A metacharacter is one or more characters that possess special meaning within a regex pattern, and can be used to build up the instructions which are used when applying a regex to a string.

Within a regex, everything is either a metacharacter or a literal character - the latter simply being a character that does not possess special meaning, but that matches the same character it represents.

The meaning of some metacharacters varies depending on if any regex modes are enabled - for example, the caret "^" metacharacter always matches the start of a string, but if Multiline mode is enabled, it also matches the start of a line.

In addition to different modes, it is important to be aware that there are two sets of metacharacters: those that only apply when in a normal expression, and a different (smaller) set which only apply when inside a character class. (For example, inside a character class the caret means "not", if it is the first character.)

Perhaps the most important metacharacter is the backslash "\" which has the ability to escape or create metacharacters by preceeding another character.
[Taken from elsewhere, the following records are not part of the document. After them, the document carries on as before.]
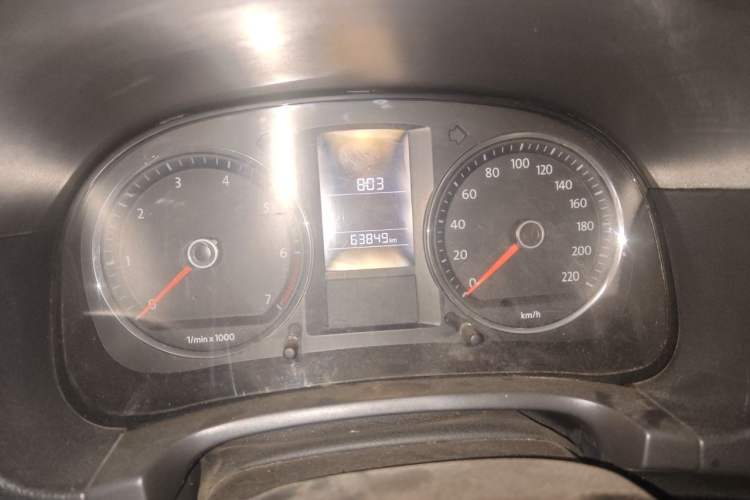 Used Volkswagen Lavida 2011 1.6L Manual Joy Version Odometer Close Up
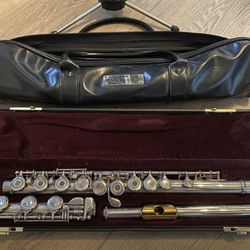 Yamaha YFL-371 Silver 925 Flute With Gold Lip Plate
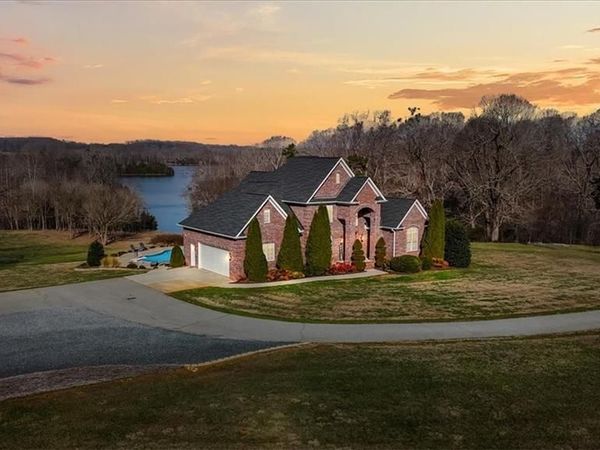 7653 Adams Farm Road, Randleman, NC 27317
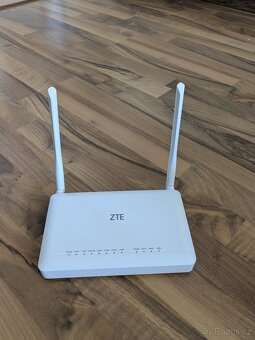 Router ZTE ZXHN F670L - 2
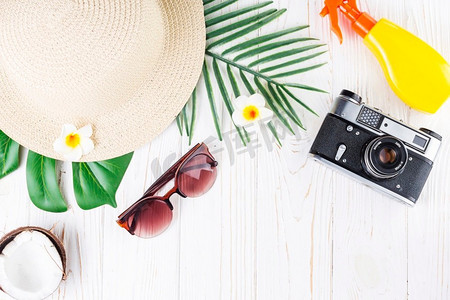 热带度假安排与防晒相机小屋太阳镜椰子花棕榈叶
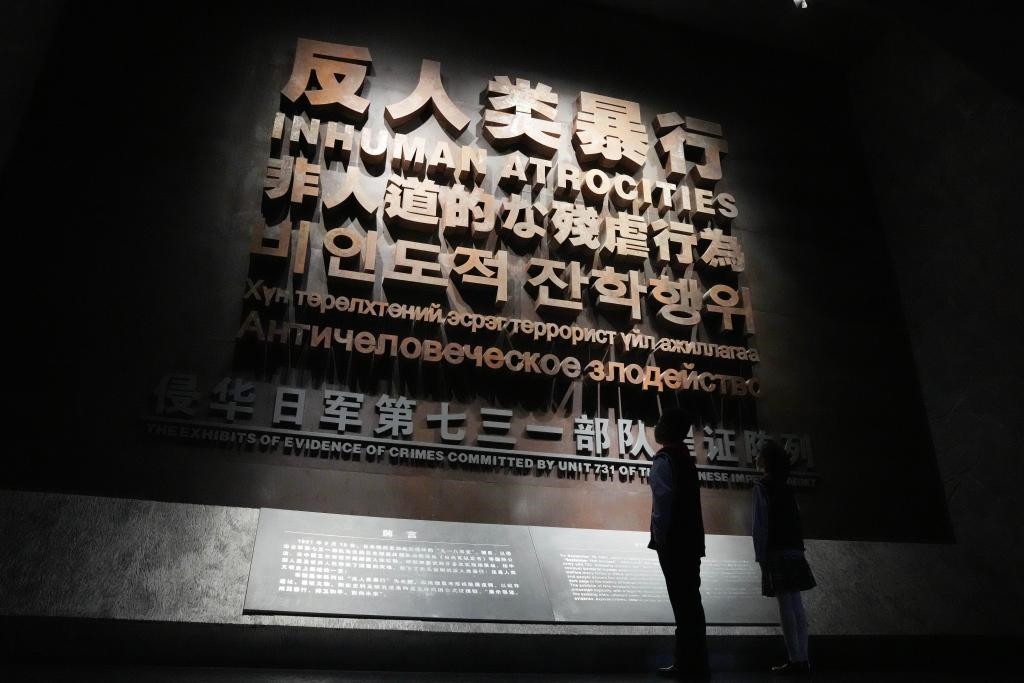 9月18日，青少年在侵華日軍第七三一部隊(duì)罪證陳列館內(nèi)參觀。新華社記者 王建威 攝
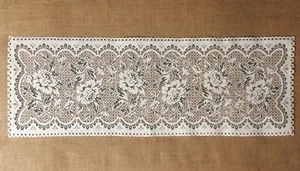 Runner Green and Off White Lace 17" x 54" Livingroom Bedroom 1st Irregular - Picture 1 of 4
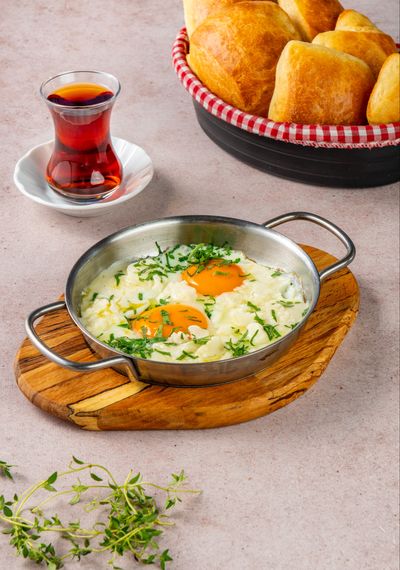 Sahanda Yumurta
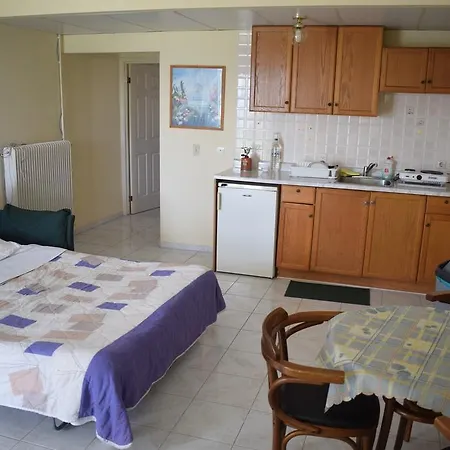 Apartment And Miloi (Argolis)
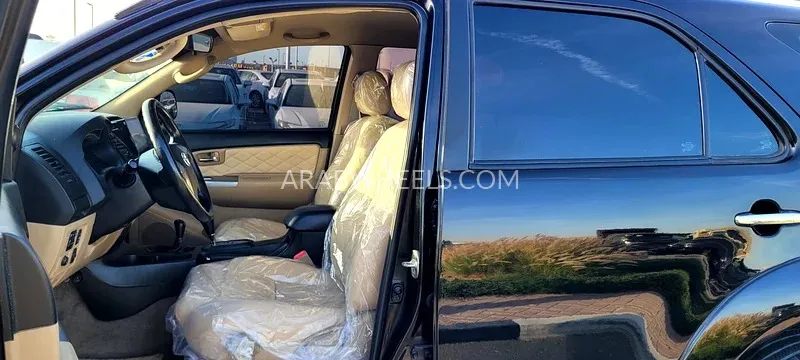 Toyota Fortuner 2015 for Sale in Dubai Image-7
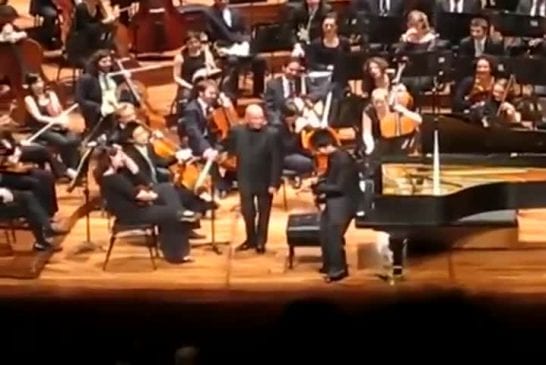 Pianiste joue avec son ipad durant le concert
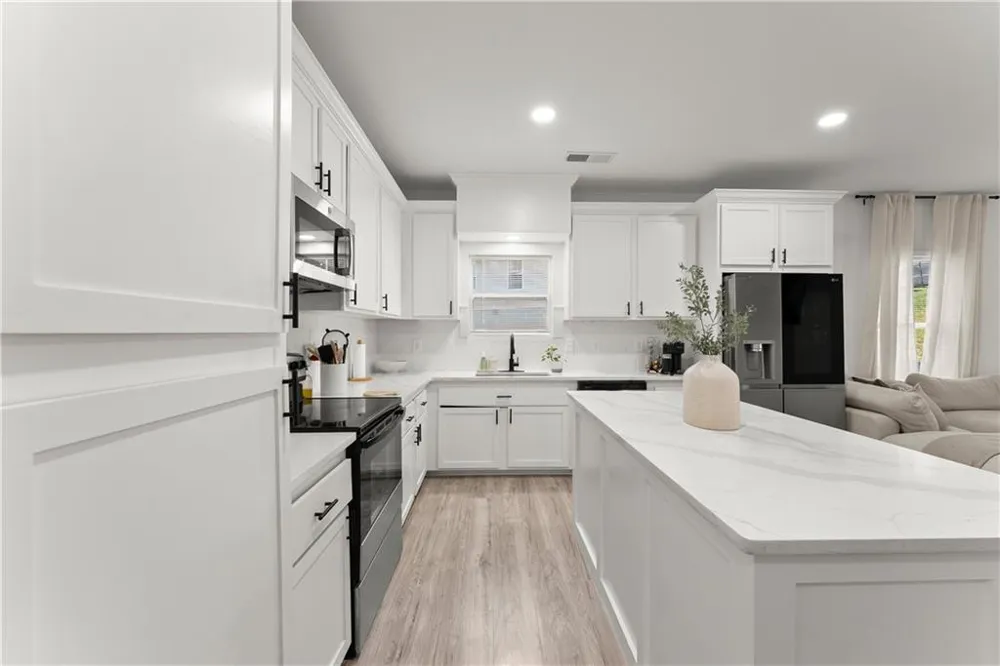 6503 Narramore Way Lula, GA 30554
That is, by using "\^", you are escaping the metacharacter and indicating the literal caret character should be matched at this point, whilst doing "\b" will instead create a metacharacter, which in this case tells the regex engine to match a word boundary at that point.

Different regex implementations can have different metacharacters - and some use the same metacharacters but may have subtly different meanings - so it is important to ensure you know what metacharacters to use for the particular regex engine which you are using.

The specific meanings of metacharacters is defined in the pages describing their features, or you can refer to the metacharacter reference chart for an overview.